To utilize molecular profiles generated by REIMS or any of the ambient ionization techniques as a means to classify samples, one must employ machine-learning algorithms to generate a predictive model. Machine learning is the process of rapidly finding and characterizing patterns in complex data.12 There are many different types of machine learning including, for example, decision tree learning, network analysis, linear regression, support vector machines, and similarity functions.12 Each of these algorithms is based on different mathematical approaches and thus, it is expected that with variation in the types of samples, data, and phenotypes in an experiment, one algorithm can greatly outperform others in terms of prediction accuracy. The majority of REIMS applications have used linear discriminant analysis on principal component analysis (PCA-LDA) reduced data for the generation of predictive models.
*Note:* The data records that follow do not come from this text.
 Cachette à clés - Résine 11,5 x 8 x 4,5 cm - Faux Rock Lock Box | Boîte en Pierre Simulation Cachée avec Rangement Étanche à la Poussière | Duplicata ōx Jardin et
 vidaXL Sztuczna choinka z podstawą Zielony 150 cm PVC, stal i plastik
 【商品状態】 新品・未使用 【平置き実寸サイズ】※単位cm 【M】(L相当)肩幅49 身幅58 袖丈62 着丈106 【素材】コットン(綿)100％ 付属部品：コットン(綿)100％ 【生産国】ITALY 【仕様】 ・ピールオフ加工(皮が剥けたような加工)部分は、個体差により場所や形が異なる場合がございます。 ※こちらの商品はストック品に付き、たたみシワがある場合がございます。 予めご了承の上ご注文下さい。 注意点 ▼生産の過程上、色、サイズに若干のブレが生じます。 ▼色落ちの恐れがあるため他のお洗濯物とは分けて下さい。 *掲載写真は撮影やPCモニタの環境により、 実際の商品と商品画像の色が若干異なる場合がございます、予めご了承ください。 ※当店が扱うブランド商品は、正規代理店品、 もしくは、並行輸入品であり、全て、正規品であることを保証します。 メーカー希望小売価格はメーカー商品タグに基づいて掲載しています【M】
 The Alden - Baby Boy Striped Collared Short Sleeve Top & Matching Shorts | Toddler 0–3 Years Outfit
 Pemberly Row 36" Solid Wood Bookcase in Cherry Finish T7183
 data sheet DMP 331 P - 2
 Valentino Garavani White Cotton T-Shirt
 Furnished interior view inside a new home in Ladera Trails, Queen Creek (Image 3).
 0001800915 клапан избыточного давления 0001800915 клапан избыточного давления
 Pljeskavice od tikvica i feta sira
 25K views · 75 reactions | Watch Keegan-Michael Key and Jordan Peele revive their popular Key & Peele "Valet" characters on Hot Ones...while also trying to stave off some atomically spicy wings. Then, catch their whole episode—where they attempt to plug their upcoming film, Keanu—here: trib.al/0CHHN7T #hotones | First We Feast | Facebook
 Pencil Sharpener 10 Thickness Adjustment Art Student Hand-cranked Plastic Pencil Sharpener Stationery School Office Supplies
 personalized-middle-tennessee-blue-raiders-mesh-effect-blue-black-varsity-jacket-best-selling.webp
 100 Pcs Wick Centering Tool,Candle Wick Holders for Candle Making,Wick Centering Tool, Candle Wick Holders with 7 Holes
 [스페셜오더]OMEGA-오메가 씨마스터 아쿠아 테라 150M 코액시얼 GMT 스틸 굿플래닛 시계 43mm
The PCA-LDA method performs well for the classification of groups that tend to show large differences in the molecular profile of samples, such as the REIMS-meat studies described above. However, when molecular profiles of samples are not overly distinct (e.g. consumer food preference) or classification of multiple groups within a single model is desired, alternative machinelearning approaches may outperform PCA-LDA.13
In this study, the predictive accuracy of eight different machine-learning algorithms were compared for the generation of predictive models using REIMS data to classify attributes of beef based on USDA quality grade, production background, breed type, and muscle tenderness.